Direi che l’arte si nutre d’arte, che le piaccia o no, anche quando s’illude di avere come piatto principale la vita
Io non potrei dipingere qualcosa di mai visto prima. Non è possibile. La mia esperienza visiva è convenzionale. Quel che è sopra è sopra quel che è sotto è sotto. Se rompo questo schema ho invertito Zenit e Nadir. Bene: ho ancora un sopra e un sotto. Posso smontare tutti gli schemi precostituiti che vuoi, ma in fin dei conti li riconosco, e questa è la mia palla al piede.
E’ necessario essere in grado di riprodurre perfettamente le sembianze di qualcuno per essere in grado di dipingere un grande quadro?
Oggi no di certo. Una volta pare che fosse apprezzato. Siamo cresciuti con in testa l’idea che una rappresentazione della realtà che sembrasse vera fosse il punto più alto della capacità tecnica di un pittore. Io cerco di distinguere tra pittura e uncinetto. Poi è vero che senza la capacità di fare del buon uncinetto non ci sarebbe l’iperrealismo, che è una interessante diramazione dell’arte della pittura.
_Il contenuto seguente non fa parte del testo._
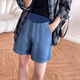 Geman drooping ennis mütterlichheitshorts tragen sommer dünne große Größe losen Mutterschaftshosen Frühlings- und Sommer-Weitbeinhosen Jeans Shorts Dunkelblau M.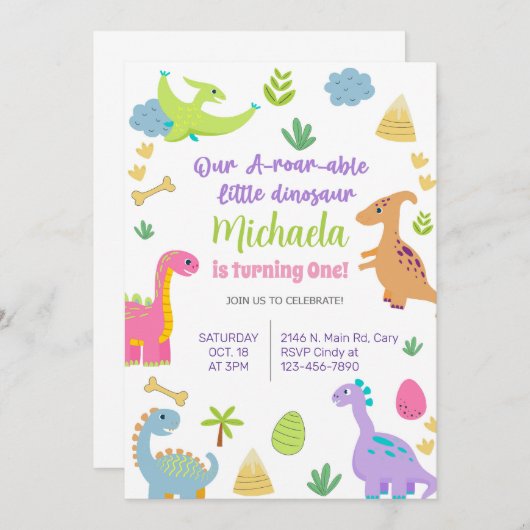 Invitación Dinosaurs meisje verjaardag uitnodiging (Voorkant / Achterkant)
Un grande quadro non si ferma però all’apparenza. Noi crediamo al quadro per quel che riproduce, ma crediamo anche a quel che evoca, e persino a quel che deforma, se è un grande quadro.
Credi che abbia senso parlare di arte?
Come di qualsiasi altra cosa. A me piace parlare di arte. Ma io sono un egocentrico.
Se tu potessi dire tutto sull’arte, dipingeresti?
Se mi restasse ancora tempo per dipingere, perché no?
Ha qualche importanza per te il fatto che alcune persone non siano in grado di comprendere i tuoi quadri?
Non vorrei fare la fine di Frenhofer.